Therese Lundblad, Chalmers University of Technology will defend her PhD thesis “Energy Infrastructure for Road Transport Electrification – Modeling Hydrogen Supply, Electric Vehicle Charging, and Grid Constraints.

Date: 17 April.
Time: 10:00 — 13:00
Location: HA1, Hörsalsvägen 4 and online
Opponent: prof. Patrick Plötz, Fraunhofer Institute for Systems and Innovation Research ISI, Germany

Visit for more information: https://research.chalmers.se/publication/551268

Popular science description:

Electrifying road transportation requires more than just electric vehicles; it also requires new infrastructure to supply energy in different forms. This thesis models the infrastructure needed in Sweden for two different approaches to electrification: using hydrogen as a fuel and directly charging battery electric vehicles.

For indirect electrification by hydrogen, several ways of supplying hydrogen to refueling stations were compared. Producing hydrogen directly at the refueling station using electricity from the grid was found to be the cheapest option. This system is more cost-effective than either a system that produces hydrogen onsite in “island-mode” without being connected to the electricity grid or a system where hydrogen is produced at a central facility and transported to the refueling station.

For direct electrification, this thesis investigates how home charging of electric vehicles could affect local electricity grids. Electric vehicle charging was analyzed under electricity spot prices (that reflect the balance between electricity generation and demand in an electricity price area), combined with different network tariff designs (which are the fees households pay the grid owner to use the electricity grid). The results show that the risk of overloading in the local grid increases as the share of electric vehicles increases. However, the impacts vary greatly between different areas and are strongly dependent on how the vehicles are charged.

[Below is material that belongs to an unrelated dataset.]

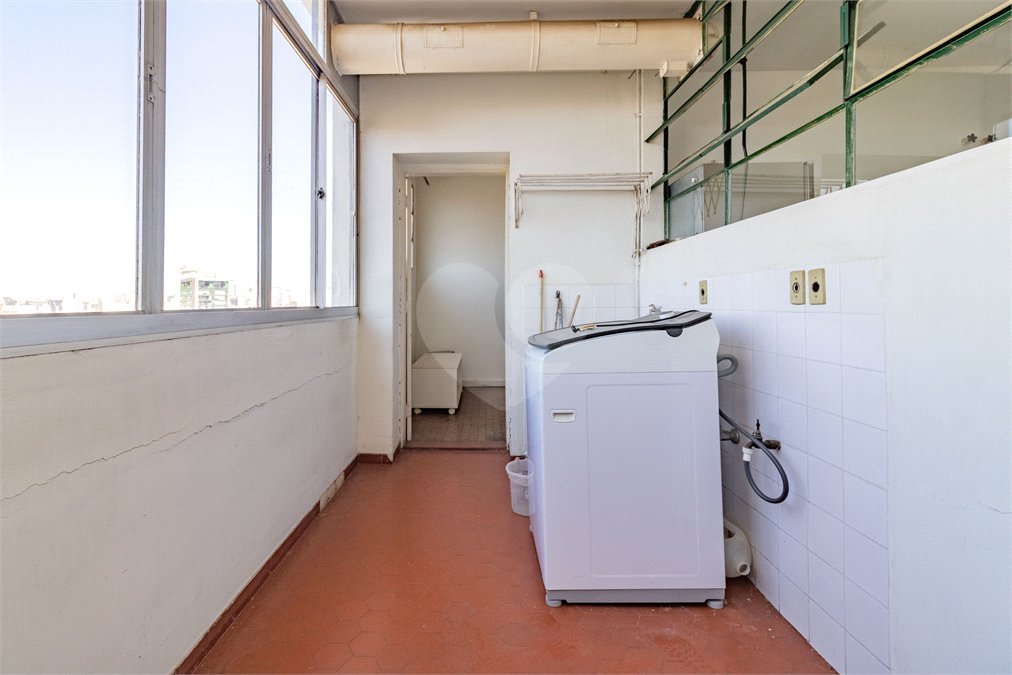 Apartamento à venda ou para alugar com 3 quartos, sendo 1 suíte, em Consolação, São Paulo, SP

The modeling in this work shows that network tariff design has a large impact on when and to what extent it is cheapest to charge electric vehicles. Some tariff designs allow electric vehicles the flexibility to follow varying spot prices of electricity, but at the cost of increased loading on the local grid. Other designs limit the loading on the local grid but give vehicles lower flexibility to follow low spot prices. The results thereby reveal a tradeoff between adapting electric vehicle charging to low electricity spot prices and reducing loading on the local grid. A network tariff for the combined peak power of households provides a compromise that reduces the load on the grid, while still allowing for some flexibility.